BEGIN Supplied records
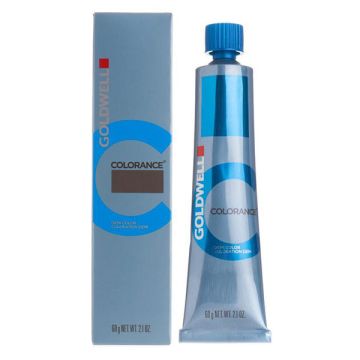 Semipermanent Hair Dye Goldwell Colorance Pastel Peach 60ml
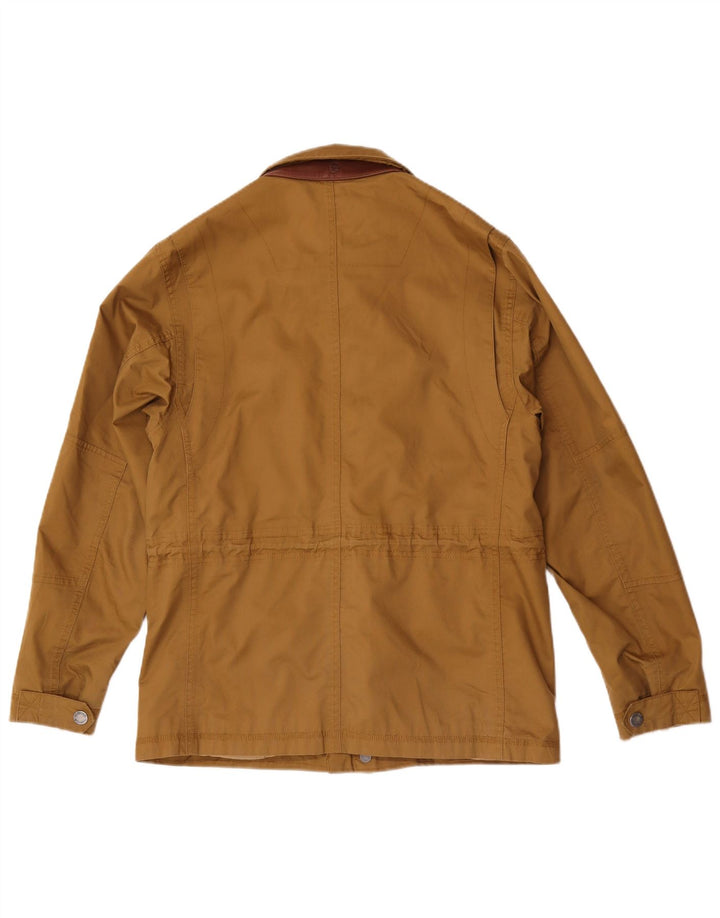 Мужская куртка Timberland Utility UK 36, маленькая, бежевый, хлопок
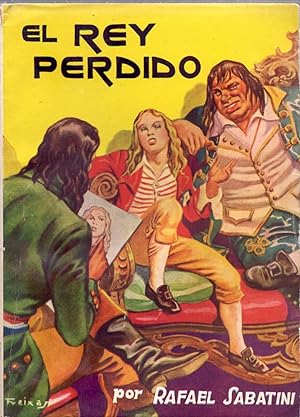 Seller image for EL REY PERDIDO for sale by Libreria 7 Soles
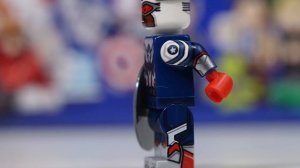 Распаковка LEGO Marvel Studios minifigures 2021. Лучшие минифигурки лего по сериалам?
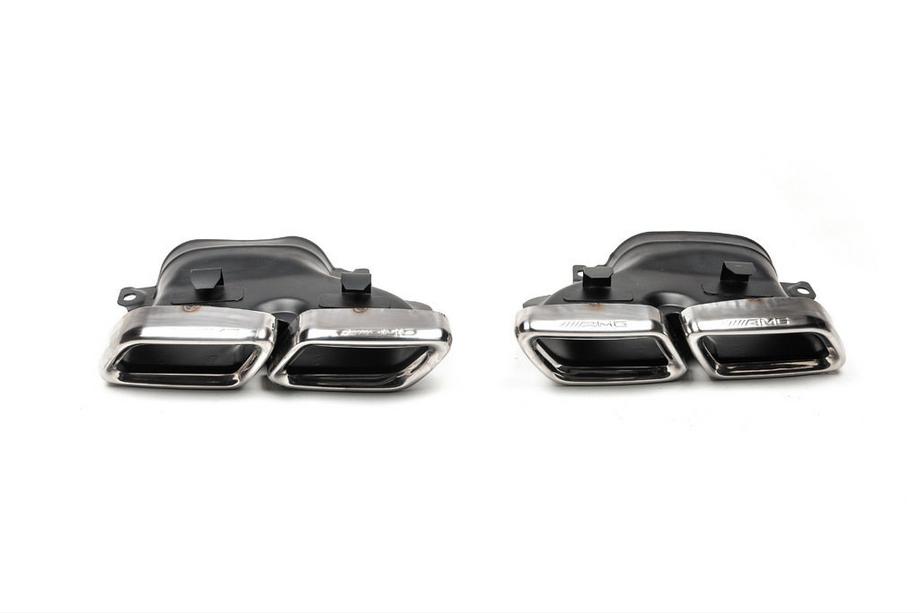 Mercedes S-class W222 2013-2022 Kit carrosserie S63 AMG (restylage 2018) Photo 25
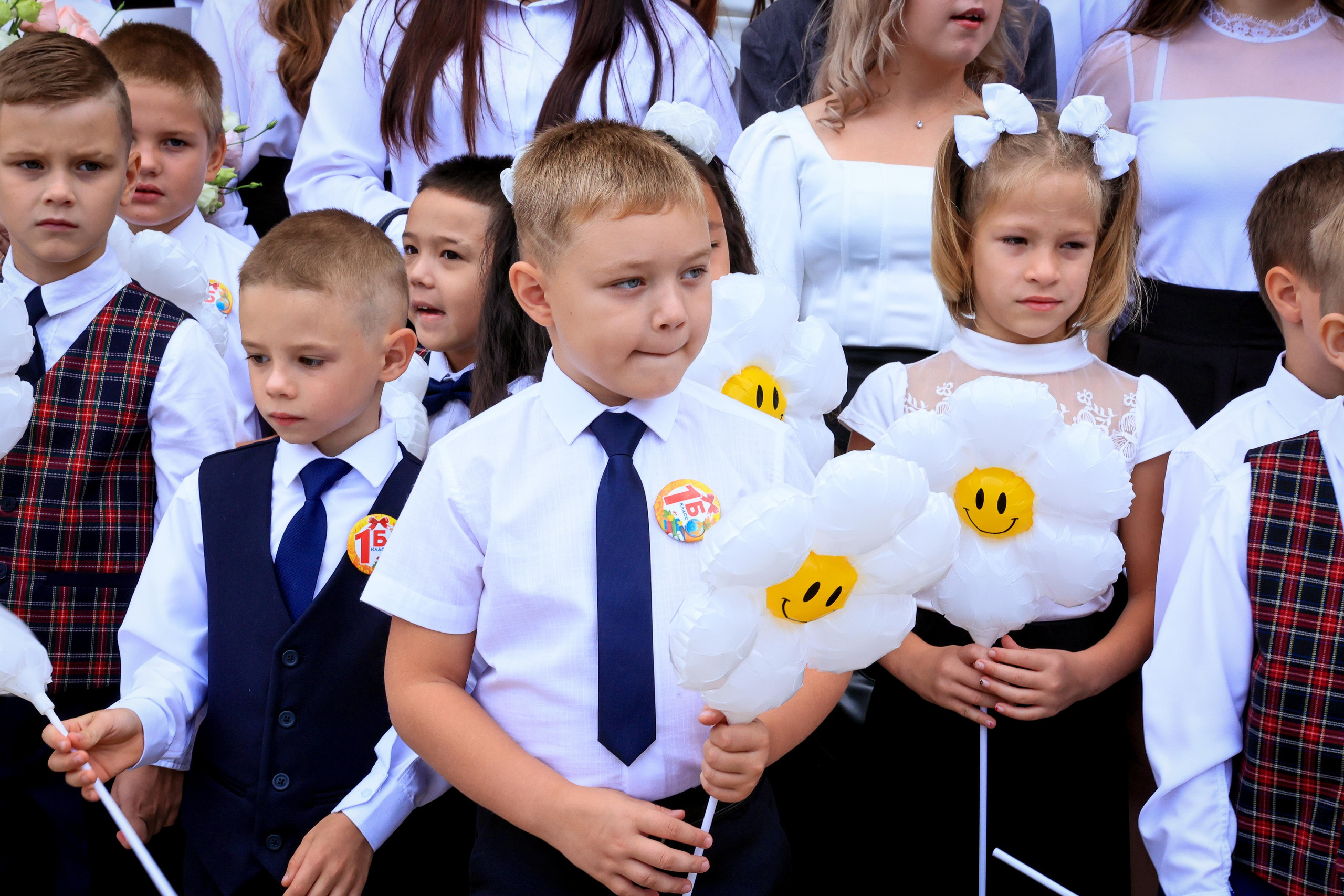 ШКОЛА 1 СЕНТЯБРЯ. Свадебный фотограф — видеограф в г. Астрахань Екатерина Юмашева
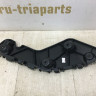 Кронштейн заднего бампера правый  Renault Duster 2010  OEM 850442537R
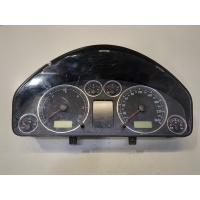 Щиток приборов (приборная панель) Volkswagen Sharan 2000-2010 2002 7m3920840n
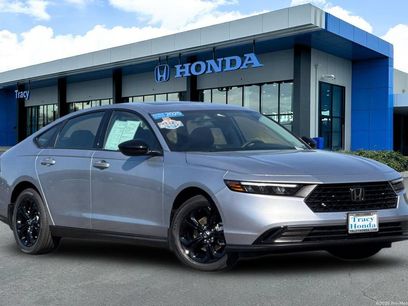 Certified 2025 Honda Accord SE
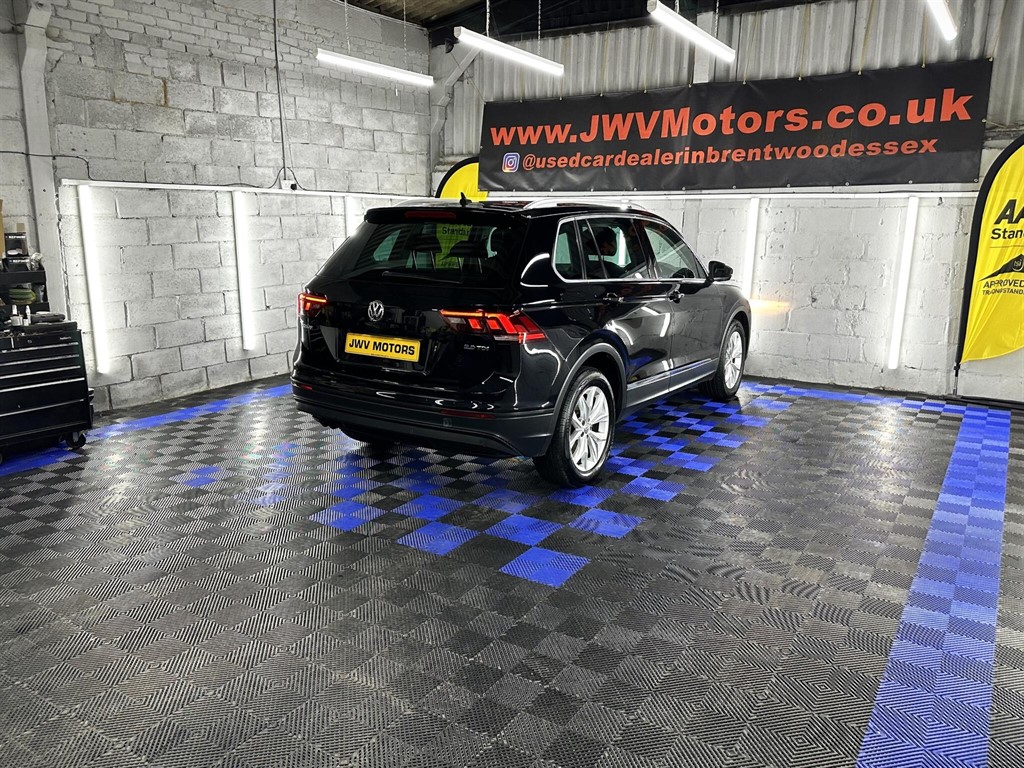 Used Volkswagen Tiguan 2016 for sale - 76979829: Photo 55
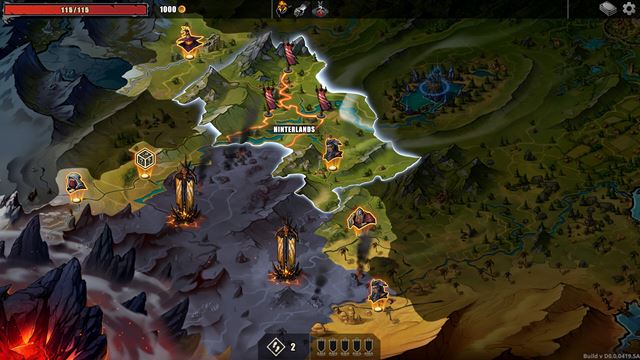 None Shall Intrude v�s vyvedie z dra�ej jaskyne, aby ste ovl�dli svet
END Supplied records
→ **Task directions**: Exclude the pictures and write out exactly the lines from the one holding "Used Volkswagen Tiguan" through the end of the entries, inclusive, and only those.

→ **Solution to the problem**:
 Used Volkswagen Tiguan 2016 for sale - 76979829: Photo 55
 None Shall Intrude v�s vyvedie z dra�ej jaskyne, aby ste ovl�dli svet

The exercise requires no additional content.